Subía en moto por Torrent d’en Vidalet giré a la izquierda por el carrer Robi para luego subir por Venrtallat hasta el carrer de la Providencia donde viven mis familiares.
El carrer Robí da a la parte de atrás de la Iglesia de la plaza de la Virreina, justo detrás del templo católico había una pequeña concentración de gente joven hablando tranquilamente, se apartaron amablemente para que pasara, iban abrigados, con la boca tapada unos con los «tapabocas» normativos y otros con bufanda e imagino que con pertinente mascarilla normativa debajo, hacía frío son calles estrechas y la humedad al recibir menos sol durante el día se hace notar.
Aparque la moto en unas plazas en batería delante de la casa de mis familiares, pocos minutos después con los medicamentos en el bolsillo abría el candado, vi que subía gente caminando deprisa por el carrer Verntallat en grupos de tres o cuatro personas, a continuación por Providencia apareció un coche de la policía urbana con las luces de prioridad o emergencia en funcionamiento y bastante deprisa paró obstaculizando el cruce, los policías bajaron rápido mientras otros subían detrás de los grupos, inmediatamente empezaron a cachear a las personas que se encontraban allí, un terceto de estos los esquivó giró a la izquierda caminando tranquilamente, pero un miembro de los uniformados se percató y los seguía, en esto apareció un policía que grito «aquellos» «para aquellos» señalando a los tres que habían girado que continuaban tranquilos, el que los perseguía y se dirigía hacia mí aceleró el paso para detenerlos mientras el que había gritado llamando la atención, un individuo alto y delgado llegó corriendo junto a su compañero muy alterado zarandeando a uno de los jóvenes, recuerdo que estaba situado en el extremo derecho y llevaba una boina o gorra verde, en este momento se encontraban se encontraban delante de mío le gritaba:» valiente dime alto como un pino como que?» repitió «alto como un pino como que?» lo condujo a empujones hasta la esquina donde estaba el coche patrulla lo acorraló en la pared con un brazo y con el otro en alto gritando otra vez «alto como un pino como que? valiente»… Sus compañeros, todos de más edad aparentemente, en ningún momento le pidieron que se calmara, observaban la chulería de abusón de patio colegio,
Yo pensé en sacar el móvil y grabar, pero al ir en un vehículo, en las fechas que son y la actitud de los policías me dio miedo, me pareció más prudente olvidarlo pese a la indignación que me produjo la situación.
Como ciudadano desconozco la intención de la reunión, pero no llevaban simbología alguna, ni hacían ruido ni creo que molestasen a nadie, eran las 21:25 dentro del horario normativo.
No entiendo el porqué la policía los dispersaba de mala manera, delante de mí ninguno se enfrentó a los funcionarios, al revés paraban y se dejaban cachear sin ningún problema, pero aún entiendo menos que alguien aprovechándose de su tamaño, de su poder, de su uniforme zarandee a ningún ciudadano porque se haya sentido insultado y lo arrincone en una pared, esta nueva normativa le llaman nueva normalidad a quien le interesa que le llamen así, porque de normal no tiene nada.
Como ciudadano mayor, tengo 64 años, me dio mucha vergüenza la actitud de las fuerzas del orden, así los nombro ni más ni menos fue la sensación que vi en ellos.
Los jóvenes que debían ser entre cuarenta y cincuenta, en diversos grupos tanto hablaban catalán como castellano repito carecían de simbología.
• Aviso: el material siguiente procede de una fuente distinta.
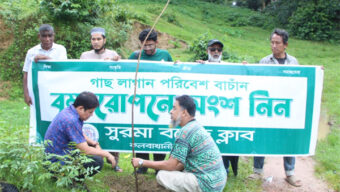 সুরমা বয়েজ ক্লাবের উদ্যোগে বৃক্ষরোপণ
El miembro de las fuerzas del orden actuó como un chulo de patio de colegio, como un cretino en cuanto a su actuación imprudente, desmesurada y sin razón aparente.
Pues yo pienso que si es alto como un pino y un cretino, creo que cualquier funcionario que tenga el derecho de pedir explicaciones a un ciudadano debe tener una formación ética mínima, saber dirigirse y contener los nervios, cosas que el pino parece no haber recibido o conocer, por mucho toque de queda y momento circunstancial que vivamos no debemos permitir el abuso de autoridad por parte de ningún funcionario y por supuesto el vacile chulesco tampoco.